Is there a programming language that is testable by design or at least exhibit very good properties in terms of testability?
For instance, a programming language designed so that unit testing is a non-optional part of the coding process, or, better yet, a programming language where the program is more or less inferred from the unit tests.
Or if you prefer twisting the question a bit, what imperative programming is bad practice or unnecessary to ensure testability?
What about object-oriented programming? Things like dependency injection and mocking libraries really helped TDD, wouldn’t these practices benefit from being part the language design? I’ve been looking around and languages with rich meta models tend to permit very DSL-like APIs to be written in the target language.
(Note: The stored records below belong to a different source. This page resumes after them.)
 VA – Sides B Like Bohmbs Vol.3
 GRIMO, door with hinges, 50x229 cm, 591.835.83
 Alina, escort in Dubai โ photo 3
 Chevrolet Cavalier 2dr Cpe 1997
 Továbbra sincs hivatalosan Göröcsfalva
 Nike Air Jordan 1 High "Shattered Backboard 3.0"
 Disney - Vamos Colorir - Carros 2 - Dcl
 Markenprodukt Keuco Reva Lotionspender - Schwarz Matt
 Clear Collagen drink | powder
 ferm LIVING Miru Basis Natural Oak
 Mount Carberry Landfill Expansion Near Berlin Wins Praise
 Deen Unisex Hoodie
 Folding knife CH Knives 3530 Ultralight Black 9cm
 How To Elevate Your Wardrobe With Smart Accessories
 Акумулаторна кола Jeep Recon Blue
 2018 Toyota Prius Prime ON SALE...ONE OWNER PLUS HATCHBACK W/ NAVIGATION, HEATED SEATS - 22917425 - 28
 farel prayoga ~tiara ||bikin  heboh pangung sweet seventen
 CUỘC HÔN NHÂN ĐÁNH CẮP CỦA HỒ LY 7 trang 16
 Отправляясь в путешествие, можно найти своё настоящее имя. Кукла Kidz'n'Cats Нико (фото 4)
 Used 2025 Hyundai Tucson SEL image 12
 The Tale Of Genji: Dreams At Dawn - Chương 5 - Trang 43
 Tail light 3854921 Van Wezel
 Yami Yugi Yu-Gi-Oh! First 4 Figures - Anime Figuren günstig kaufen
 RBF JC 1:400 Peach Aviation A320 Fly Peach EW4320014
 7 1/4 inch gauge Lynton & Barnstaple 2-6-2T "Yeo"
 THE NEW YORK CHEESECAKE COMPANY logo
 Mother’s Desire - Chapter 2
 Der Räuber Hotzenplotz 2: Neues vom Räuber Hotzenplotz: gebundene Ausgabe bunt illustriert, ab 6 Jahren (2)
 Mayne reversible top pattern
These libraries are being built on top of that, why not pull these things into the language itself?
I find that that blog post referenced by James Black has a really good point to it.
Not long ago, I reflected on my
testing habits for the past ten years,
and I made a couple of interesting
observations:
- I feel the need to write tests for the code that I write very often.
- Just as often, that need is thwarted by environmental constraints, so I end
up not writing these tests.
Do you agree with the statement that dynamic programming languages make writing tests easier?
Google is working on noop as a language (OOP, Java-based) created to produce code that is always testable.
The language also explicitly forbids certain constructs that make it harder to test code, like for instance statics.